I also discover that are at least two correct answer for $\ln(j)$ and for $\ln(-j)$.
Ex. for $\ln(j)$ : $$Ln(j)=i\pi/2 – j i\pi/2$$ and $$Ln(j)=-i\pi/2 + j i\pi/2$$
Proof: $$e^{i\pi/2–ji\pi/2}$$
$$=(e^{i\pi/2})*(\cosh(-i\pi/2)+j\sinh(-i\pi/2))$$
$$=(e^{i\pi/2})(0 -ij)$$
$$=(-ij)e^{i\pi/2})$$
$$=(-ij)(\cos(\pi/2)+i\sin(\pi/2)$$
$$=-iji=j$$
I hope is nothing wrong in my calculus.
So $$j^j=e^{j\ln(j)}$$
$$=$$
1) $$e^{(i\pi/2–ji\pi/2)j}=e^{ji\pi/2–i\pi/2}=-j$$
$$=e^{(-i\pi/2)}(cosh(i\pi/2)+jsinh(I\pi/2)) =e^{(-i\pi/2)}(0-ij)=-ij(cos(-\pi/2)+isin(-\pi/2))=-ij(0-1i)=-j$$
2) $$e^{(-i\pi/2+ji\pi/2)j}= e^{-ji\pi/2+i\pi/2}=-j$$ because $$Ln(j)=i\pi/2 – j i\pi/2$$ and $$Ln(j)=-i\pi/2 + j i\pi/2$$
$$=e^{(i\pi/2)}(cosh(-I\pi/2)+jsinh(-i\pi/2))= e^{(i\pi/2)}(0+ij) =ij(cos(\pi/2)+isin(\pi/2))=ij(0+1i)=-j$$
So... $$j^j=-j$$.... Am I wright?
$$Ln(i)= i\pi/2$$
$$j^i=e^{(ilnj)}$$
1) $$e^{(i\pi/2 – j i\pi/2)i}=e^{-\pi/2 + j pi/2}= (e^{-\pi/2})(\cosh (\pi/2)+ j \sinh (\pi/2))$$
$$=0.521606...+j0.478393...$$
2) $$e^{(-i\pi/2 + j i\pi/2)i}= e^{i\pi/2 - i\pi/2} = (e^{\pi/2})(\cosh (-\pi/2)+ j \sinh (-\pi/2))$$
$$=12.070346...-j11.070346$$
Am I wright?
$$i^j$$ $$=e^{ji\pi/2}$$
$=\cosh(i\pi/2)+j(\sinh(i\pi/2)$
$=0+j*i$
So ... $i^j=ij$.... Am I right?
Proof:
$i^j=ij$
$$jlni=ln(ij)$$
$$ln(ij)=1/2(ln (0+i)(0-i)) +1/2j ((ln (0+i)/(0-i))$$
$$ln(ij)=1/2ln1 +1/2j ln (-1)$$
$$ln(ij)= (ipi/2)j$$
$$jlni=ln(ij)$$
$$j(ipi/2)=(ipi/2)j$$
Is it possible to find $ln(i+j)$? Cand I find $\ln(i+j+\varepsilon)$, where $\varepsilon^2=0$, with $\varepsilon \neq 0$?
Thank you.
Split-complex numbers can be represented as 2x2 matrices: $a+bj=\left( \begin{array}{cc} a & b \\ b & a \\ \end{array} \right)$.

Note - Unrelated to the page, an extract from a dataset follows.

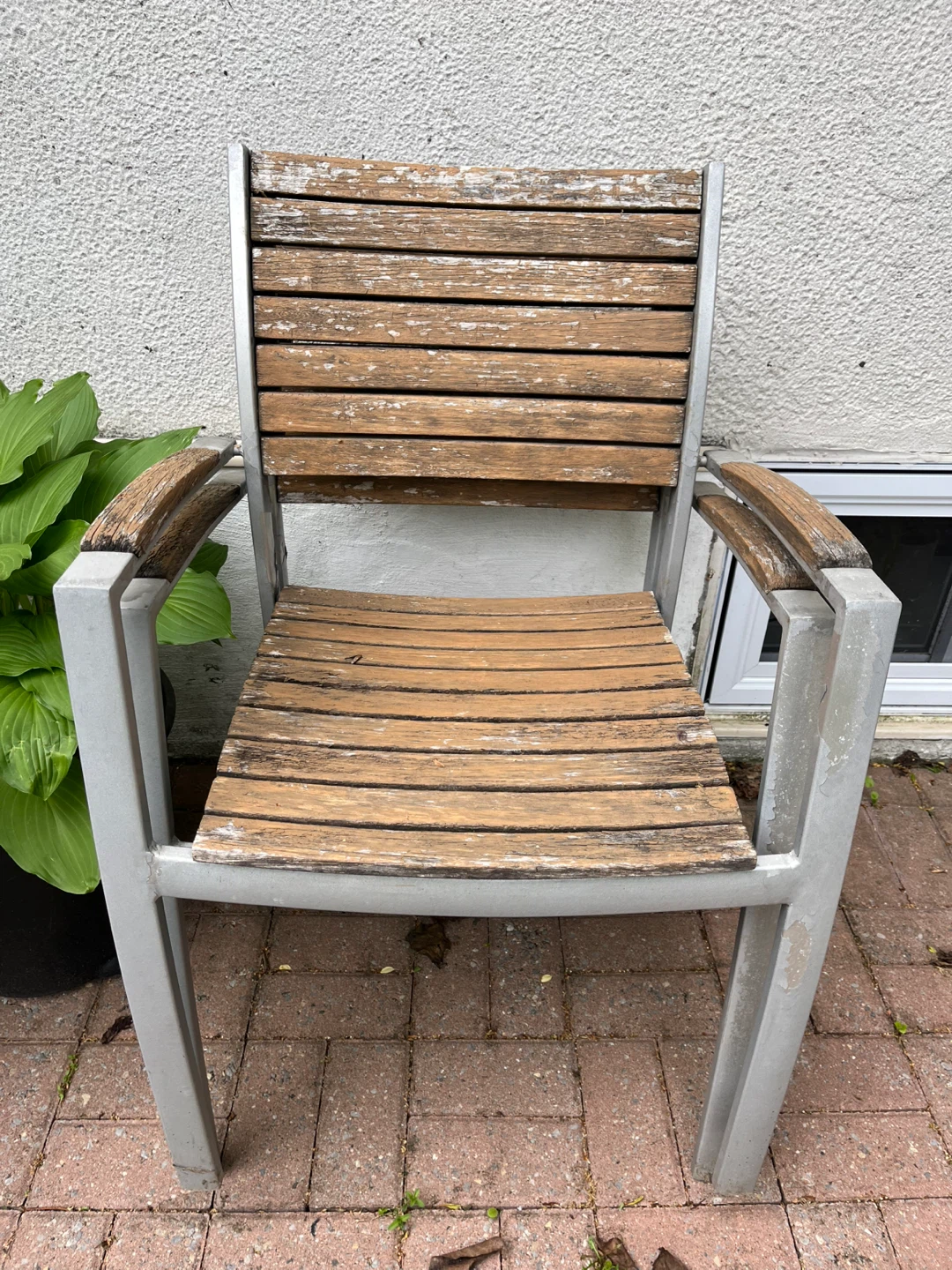 4 Outdoor Chairs with Wood Slats and Metal Frame - photo 2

So, $j^j=\left( \begin{array}{cc} 0 & 1 \\ 1 & 0 \\ \end{array} \right)^ \left( \begin{array}{cc} 0 & 1 \\ 1 & 0 \\ \end{array} \right)=\left( \begin{array}{cc} 0 & 1 \\ 1 & 0 \\ \end{array} \right)=j$
Verify it with Wolfram Alpha.
It seems you possibly made a mistake with sign.
The combination of complex and split-complex numbers is called tessarines, they can be represented as 2x2 matrices $a+bj=\left( \begin{array}{cc} a & b \\ b & a \\ \end{array} \right)$ with complex elements $a$ and $b$.
So, in tessarines, you are correct that $i^j=ij$. The $j^i$ is $\left(\frac{1}{2}-\frac{e^{-\pi }}{2}\right) j+\frac{e^{-\pi }}{2}+\frac{1}{2}$